Should You Invest In Retirement Accounts?

Filed in Investment Secrets by on October 9, 2018 0 Comments

By Travis Sperr:

I think of this frequently, “Where is money best invested for the future?” As a real estate investor, I often run the numbers to see how much cash-flow I need to live the way I deserve to in “retirement”. I use quotes around retirement, because I don’t plan to work into the age that retirement accounts are accessible, 59 ½ years old. Because of that, I focus on how to create enough semi passive income (very little real estate investing is completely passive) to live well with the option of continuing to work day to day. What is that number? It’s different for everyone, but I am working toward 25 properties owned free and clear.

So, are retirement accounts the answer to retirement income?
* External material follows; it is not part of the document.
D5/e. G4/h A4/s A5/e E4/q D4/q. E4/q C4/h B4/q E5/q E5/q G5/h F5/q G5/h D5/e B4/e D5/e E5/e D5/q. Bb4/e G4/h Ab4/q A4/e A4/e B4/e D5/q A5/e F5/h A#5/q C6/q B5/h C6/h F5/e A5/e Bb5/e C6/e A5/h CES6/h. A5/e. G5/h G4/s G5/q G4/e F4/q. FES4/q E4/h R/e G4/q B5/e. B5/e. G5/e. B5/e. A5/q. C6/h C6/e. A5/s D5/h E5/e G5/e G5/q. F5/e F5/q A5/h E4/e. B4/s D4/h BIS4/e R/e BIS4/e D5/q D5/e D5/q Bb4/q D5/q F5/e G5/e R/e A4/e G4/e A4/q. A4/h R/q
There are pros; tax savings today, tax deferred income, tax free growth, potential employer matches and low-cost management. Saving through your employer is the easiest and most widely used retirement vehicle used for employees. The cons; access to the money and lack of cash-flow before retirement age.
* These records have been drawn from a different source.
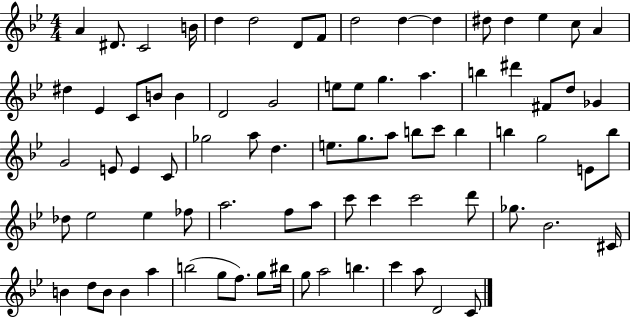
{
  \clef treble
  \numericTimeSignature
  \time 4/4
  \key bes \major
  a'4 dis'8. c'2 b'16 | d''4 d''2 d'8 f'8 | d''2 d''4~~ d''4 | dis''8 dis''4 ees''4 c''8 a'4 | \break dis''4 ees'4 c'8 b'8 b'4 | d'2 g'2 | e''8 e''8 g''4. a''4. | b''4 dis'''4 fis'8 d''8 ges'4 | \break g'2 e'8 e'4 c'8 | ges''2 a''8 d''4. | e''8. g''8. a''8 b''8 c'''8 b''4 | b''4 g''2 e'8 b''8 | \break des''8 ees''2 ees''4 fes''8 | a''2. f''8 a''8 | c'''8 c'''4 c'''2 d'''8 | ges''8. bes'2. cis'16 | \break b'4 d''8 b'8 b'4 a''4 | b''2( g''8 f''8.) g''8 bis''16 | g''8 a''2 b''4. | c'''4 a''8 d'2 c'8 | \break \bar "|."
}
I personally went through this exercise recently in deciding if I should continue to fund my own retirement account or use that money to buy more rental properties. Here is an example comparison between investing into a 401k and buying rental property. I use round numbers and use what I feel like are fair assumptions.

  • Married couple with a gross income of $120,000 annually.
  • Take home pay (After -Federal, State, SS, Medicare) $92,000.
  • Saving $20,000 per year toward retirement.
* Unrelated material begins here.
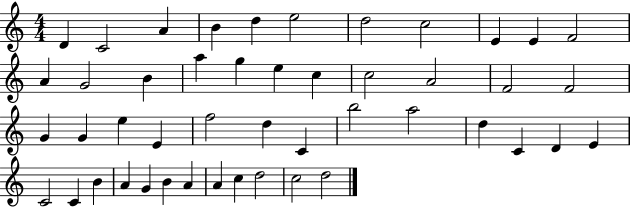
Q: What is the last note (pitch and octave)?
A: D5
Investing in a 401k:  Putting that $20,000 into a 401k with a 3% employer match totals $23,600 per year. After 3 years using a 10% return, the combined account value is $82,227. If this account didn’t see another dollar in contribution and grew at that same 10% for 15 more years, the value would be $366,232, this is real money. If you made this investment at 45 years old, you would be able to use these funds at 60 years old.  With that same 10% return, the account delivers $36,000 before a year income (although the “experts” would say that you should expect to draw 4% of the account value, $14,650). However, if this investment was made at 30 years of age, the money would be tied up, but still growing for another 15 years before it can be used without penalty. The penalty is equal to the tax rate plus 10%, 40% in this case.

Investing in Real Estate:  Using the same $20,000 per year into savings after 3 years, they have $60,006 (in a money market account). Using that money to buy a typical rental property at a 7% cap rate.

$230,000 Purchase

$57,500 25% Down Payment

$2,500 Closing Costs

$1,850 Rent per Month

$5,158 Net cash-flow before taxes per year, all cash-flow stated will be net and before taxes.

See the math here, assuming 5% annual rent increase, 5% annual appreciation and 5% maintenance.

In 15 years, the net cash-flow before taxes $23,097 per year and the property is valued at $478,000 with $122,197 remaining on the loan. $356,000 in equity and $194,591 in cash-flow collected over 15 years, God Bless cash-flow! Another benefit is the tax advantage of depreciation.

One strategy that also works well with discipline and forward looking is to use the net cash-flow and put that money into principal reduction, the property is paid off in 13 years and provides $30,900 cash-flow annually and valued at $430,000. Just 4 deals like this and that married couple replaces their income, or continues working in careers they enjoy, with the freedom to live life on their terms long before the age of 59-1/2.

So, which is a better strategy for your long term goals?  Real estate? 401k/IRA? A blend of both? Each type of investments has its own sets of pros and cons, risk and reward, and barriers to entry. Consider your short and long term needs for income and access to money. Agree, disagree or have a better plan? I would enjoy hearing your feedback.